Of course such tensions had been bubbling under the surface ever since the onset of devolution in 1999, with some figures in Scottish Labour lamentably and foolishly viewing the Edinburgh parliament as a place where its “second XI” should go – something for which the party is continuing to pay a heavy price for.

It’s unlikely the SNP, given its huge success at party management and internal discipline, will face anything even approaching that. But there may well be some differences emerge, including potentially over the question of whether to go for a second independence referendum, whatever platform the party decides to campaign on at the 2016 Holyrood elections.

There could also be some difference on domestic policies, with some new members such as Edinburgh East MP Tommy Sheppard taking a more left-wing line in opposing the austerity agenda of the Tory government, with perhaps some others opting for a more centrist approach.
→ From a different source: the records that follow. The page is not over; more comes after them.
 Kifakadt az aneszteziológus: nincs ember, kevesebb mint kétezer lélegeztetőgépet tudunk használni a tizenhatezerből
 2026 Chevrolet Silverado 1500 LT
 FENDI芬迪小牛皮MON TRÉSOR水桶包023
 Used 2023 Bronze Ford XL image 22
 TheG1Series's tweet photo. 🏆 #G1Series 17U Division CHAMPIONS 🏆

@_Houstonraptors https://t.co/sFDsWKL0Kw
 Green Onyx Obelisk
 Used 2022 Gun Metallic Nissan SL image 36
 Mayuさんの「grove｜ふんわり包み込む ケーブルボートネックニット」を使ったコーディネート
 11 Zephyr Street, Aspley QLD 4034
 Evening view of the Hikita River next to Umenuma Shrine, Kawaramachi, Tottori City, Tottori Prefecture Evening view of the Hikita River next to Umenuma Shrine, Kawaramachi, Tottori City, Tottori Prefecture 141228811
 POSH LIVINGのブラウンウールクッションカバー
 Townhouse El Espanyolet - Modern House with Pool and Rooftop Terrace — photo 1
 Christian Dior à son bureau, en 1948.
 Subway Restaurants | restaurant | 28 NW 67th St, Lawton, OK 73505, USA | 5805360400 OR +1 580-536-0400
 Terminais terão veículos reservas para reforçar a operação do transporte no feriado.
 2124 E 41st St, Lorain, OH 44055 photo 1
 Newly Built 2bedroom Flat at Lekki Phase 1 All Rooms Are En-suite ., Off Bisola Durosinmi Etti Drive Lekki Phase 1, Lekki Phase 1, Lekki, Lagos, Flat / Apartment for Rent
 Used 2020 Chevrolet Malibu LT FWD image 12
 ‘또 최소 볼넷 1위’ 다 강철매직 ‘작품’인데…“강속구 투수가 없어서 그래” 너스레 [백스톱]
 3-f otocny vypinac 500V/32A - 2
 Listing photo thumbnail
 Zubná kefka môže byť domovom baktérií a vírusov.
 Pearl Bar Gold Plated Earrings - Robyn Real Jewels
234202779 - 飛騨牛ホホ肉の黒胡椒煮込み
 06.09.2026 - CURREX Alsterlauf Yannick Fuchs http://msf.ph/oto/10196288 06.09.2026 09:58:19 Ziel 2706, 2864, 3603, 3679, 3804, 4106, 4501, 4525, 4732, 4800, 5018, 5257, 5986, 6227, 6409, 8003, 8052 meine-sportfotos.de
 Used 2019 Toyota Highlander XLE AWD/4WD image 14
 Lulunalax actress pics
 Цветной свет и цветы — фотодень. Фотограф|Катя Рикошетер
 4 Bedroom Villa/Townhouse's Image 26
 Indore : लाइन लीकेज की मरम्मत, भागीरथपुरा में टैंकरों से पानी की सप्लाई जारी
However tightly organised and well run the Nationalists are, there will inevitably come times when one of its MPs goes off message – think of issues like the abolition of the monarchy and perhaps the old Nato issue some way down the line, even if it’s not in the immediate future.

There have also been suggestions that some SNP MPs have sought to influence the party’s recent selection contests for Holyrood candidates – something that points to potential tensions in the offing.

Westminster has traditionally been much more prone to rebellions than Holyrood, with the Tories on the question of Europe being an obvious example and within Labour recently on whether to abstain or vote against cuts to welfare benefits.

Again, the SNP is unlikely to experience the same schisms, but the differences in Holyrood and Westminster, where the party is represented like never before, could bring out some such tensions even if it does take some time to emerge.